Real Estate Industry News

An aerial view of the future Ismaili Center Houston indicates its 11-acre site near Buffalo Bayou and downtown.

Courtesy of Ismaili Council

A prime, vacant parcel near Houston’s Buffalo Bayou and sited just west of downtown is slated for the first Ismaili Center in the U.S., joining a series of six other such facilities operating around the world.

The 11-acre Houston tract, currently appraised at $30.3 million, was purchased in 2006 by the Aga Khan Foundation as the future site for the center. As mandated, its role is to be a place of peace, prayer, hope, humility and brotherhood, a project update says.

Long-planned, the Houston project recently entered the design phase following an international competition that netted London-based architect Farshid Moussavi in collaboration with Paul Westlake of DLR Group as architect of record and landscape architect Thomas L. Woltz of Nelson Byrd Woltz. NBW is also working on redevelopment of Houston’s Memorial Park and Rothko Chapel campus.

Built over the past four decades, previously completed Ismaili centers are located in London, Vancouver, Toronto, Lisbon, Dubai and Dushanbe.

In Houston, plans for the campus include spaces for social and cultural gatherings, intellectual engagement and reflection, and spiritual contemplation for the diverse Ismaili community as well as the city’s multi-cultural one, thus “fostering an appreciation of pluralism,” the design team announcement says.

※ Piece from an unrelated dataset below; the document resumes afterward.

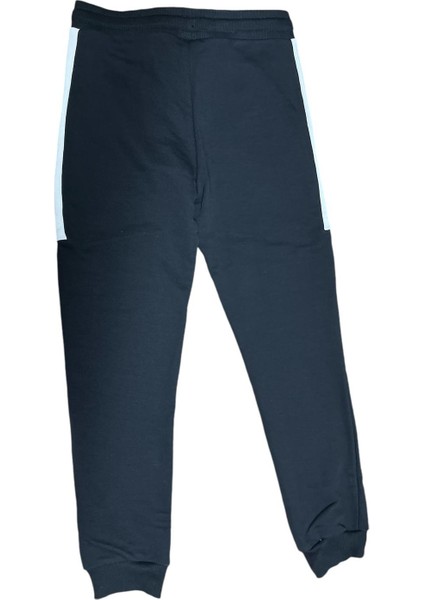 -B21605 Benetton Eşofman Altı 72743-001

Although few project details have been released, the center in Houston is expected to include a Jamatkhana, which is a place for worship, with additional spaces to accommodate the center’s “ambassadorial” roles, meaning outreach, knowledge and fellowship between people of all faiths and walks of life.

A construction start has not been determined for the project, notes Omar Samji, a volunteer with the Ismaili Council in Houston.

The site slopes toward Buffalo Bayou, which has come out of its banks many times over the years, most recently during Hurricane Harvey.

While flooding from that 2017 storm did affect lower-elevations of the center’s site, Sanji says, it did not delay the project. Rather it provided useful data for planning flood management and mitigation and landscaping.